Data block.
---*---
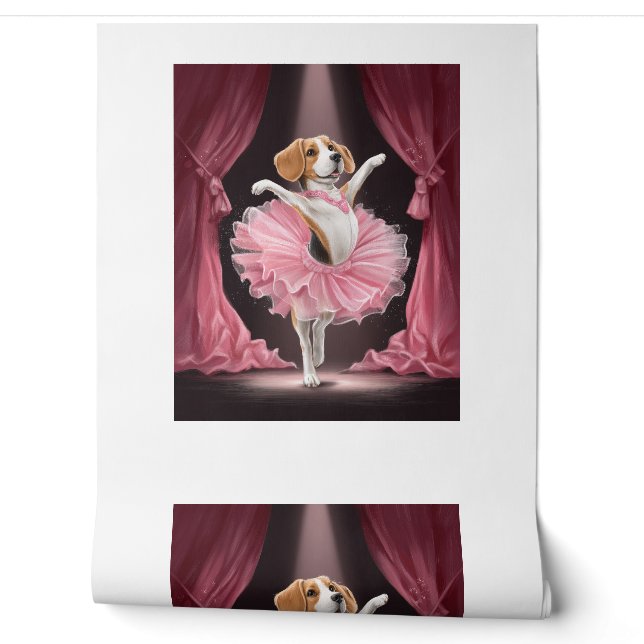 Ballerina Beagle � Funny Dog Dance Wallpaper (Unrolling)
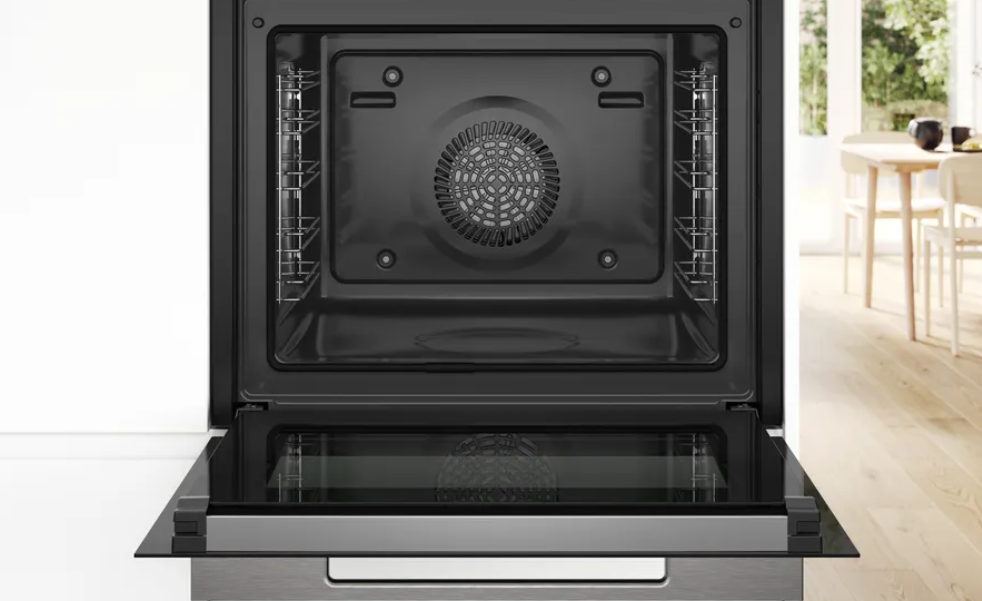 Встраиваемый духовой шкаф Bosch HBG7764B1DE / 71 л. / A+ / Черный photo 3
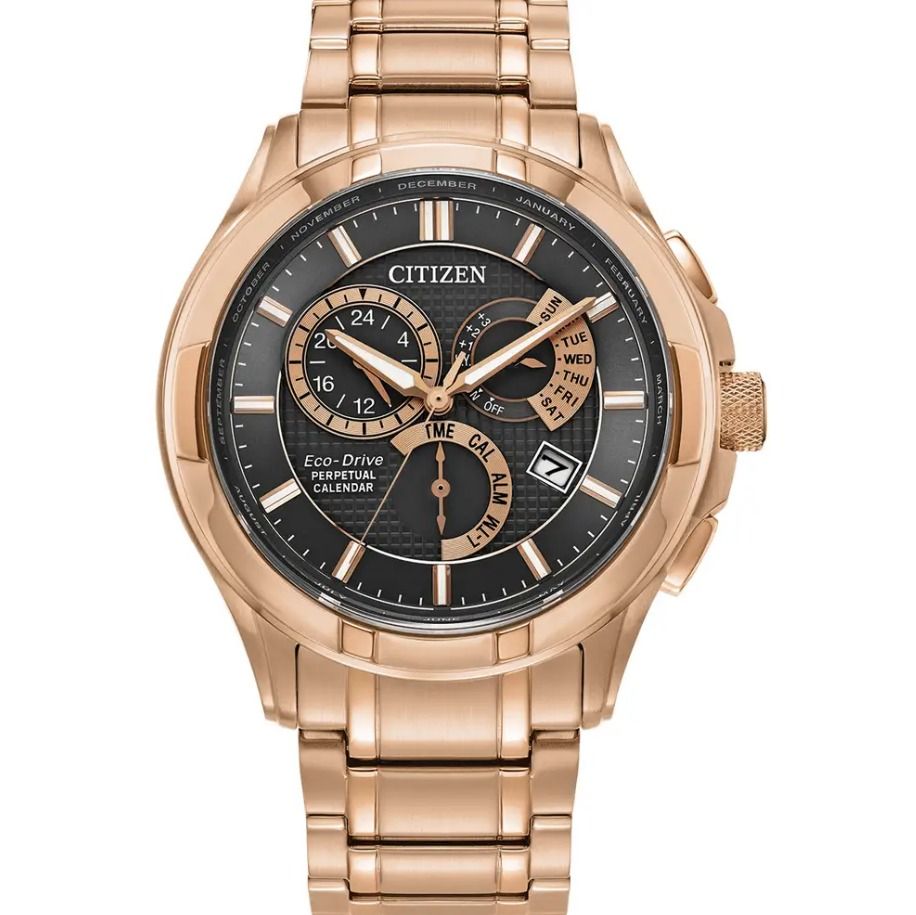 Gold citizen deals watch men's price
---*---
Work to complete. Beginning with the line containing "Встраиваемый духовой шкаф" and ending with the last line of the material, output each line exactly; do not include pictures.

Solution to this exercise.
 Встраиваемый духовой шкаф Bosch HBG7764B1DE / 71 л. / A+ / Черный photo 3
 Gold citizen deals watch men's price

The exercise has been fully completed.